Noventa casas no currículo

De volta ao Brasil, ela provou as versões paulistanas do prato. "Em 2011, tinham três ou quatro casas dedicadas ao ramen em São Paulo. Eram bons, mas senti que faltava algo em relação aos do Japão".

Foi aí que iniciou, então, a busca pelo ramen perfeito. Viajou para o Havaí, Nova York, Los Angeles e São Francisco até chegar à conclusão, junto com seus amigos e sócios, de que para concretizar o plano de abrir uma casa de alma oriental o ideal seria trazer um chef do Japão.

"Fiz uma pesquisa e, na cara e na coragem, disparei mais de cem e-mails em inglês demonstrando interesse". Em 2014, Simone voltou ao Japão para conversar com os chefs. De quebra, comeu ramens em nove cidades.

Takeshi Koitani, de Fukushima, foi o escolhido. Vendeu os três restaurantes que comandava e trocou os cursos que dava em Tóquio sobre o prato por prestar consultoria pelo mundo.

O plano de um novo negócio em São Paulo veio a se concretizar em 2016. Com o nome de JoJo Ramen, o restaurante abriu as portas oferecendo quatro tipos de ramens: shoyu (molho de soja), shio (sal), misso (pasta de soja) e o tsukemen, à moda de Tóquio.

A missão, porém, não havia acabado. Em 2017, Simone embarcou num novo roteiro para conhecer, de Norte a Sul, os gotochi ramen (ramens regionais). Nessa e em outras passagens, foram visitados 90 endereços típicos ao todo. Parte do que foi catalogado e fotografado, ela compartilha com Nossa nesta matéria.

Lámen ou ramen?

Com massa, vegetais e carne, o ramen é uma comida completa e acessível. Segundo o portal Town Page, a sopa é servida no balcão de pelo menos 26.500 casas especializadas espalhadas por todo o Japão.

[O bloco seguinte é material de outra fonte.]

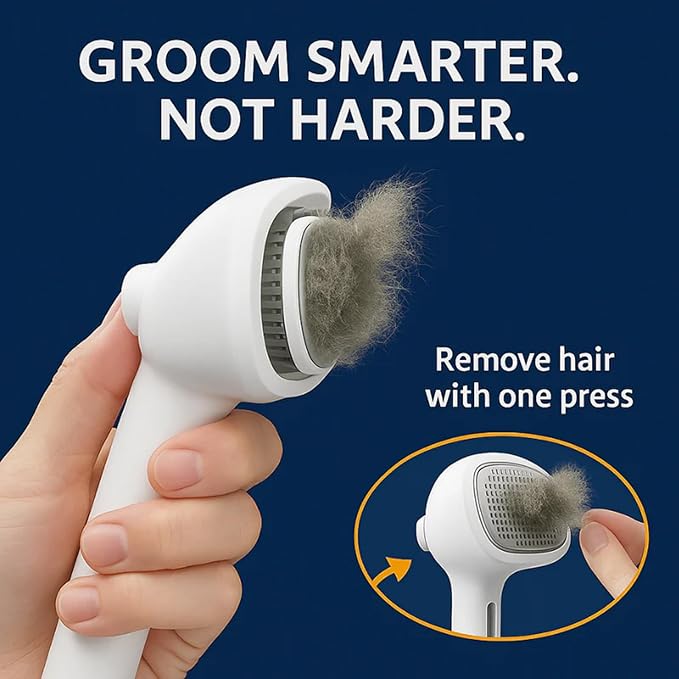 Dog Shower Brush, Freshfur Shower Brush + Bathing Solution, 3 in 1 Self Cleaning Steamy Pet Brushes, Dog Grooming Tool for Long & Short Hair, Removes Loose Hair Reduces Shedding (White)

A versão industrial e instantânea salvou vidas após a Segunda Guerra Mundial e popularizou ainda mais a comida. Até hoje, os pacotinhos são encontrados em peso em mercados, lojinhas de metrô e máquinas pelas ruas — dá para comprar a qualquer hora do dia ou da noite.

A Nissin, responsável por abreviar um trabalho de 24 horas num saquinho de "miojo" que fica pronto em 3 minutos, também introduziu a sua "mágica" no Brasil e fez a palavra "lámen", grafada na embalagem, sobressair-se ao termo japonês, "ramen".

Jo Takahashi, autor do livro "Ramen/Lámen", a ser lançado pela Editora JBC em junho de 2022, diz que o prato é uma boa pedida para conhecer uma cidade pela primeira vez.

"Dizem que pelo ramen, você pode decifrar as características culturais do local".

Alguns japoneses de Kitakata, por exemplo, acordam com uma tigela de ramen na mesa de café. "É um ritual, chamado de 'asa-ra', uma contração de 'asa', de manhã, com 'ra', de ramen". Já em Tóquio, a partir das 6 horas da matina se pode provar o caldo com macarrão. Vai bem para "dissipar" o álcool ingerido nos izakayas, botecos típicos de lá.

A escrita e o macarrão

Apesar do ramen ser assim, tão deles, o macarrão é uma invenção chinesa que data do ano 2.000 a.C.. Chegou no Japão perto de 1.500 trazido por monges budistas que iam estudar filosofia e cultura na China.

"De lá, eles trouxeram a escrita, e o macarrão. No início, o alimento era restrito aos templos e à nobreza. A popularização do macarrão, no Japão, ocorreu com a abertura dos portos e a entrada da farinha de trigo, a partir de 1859", diz Jo.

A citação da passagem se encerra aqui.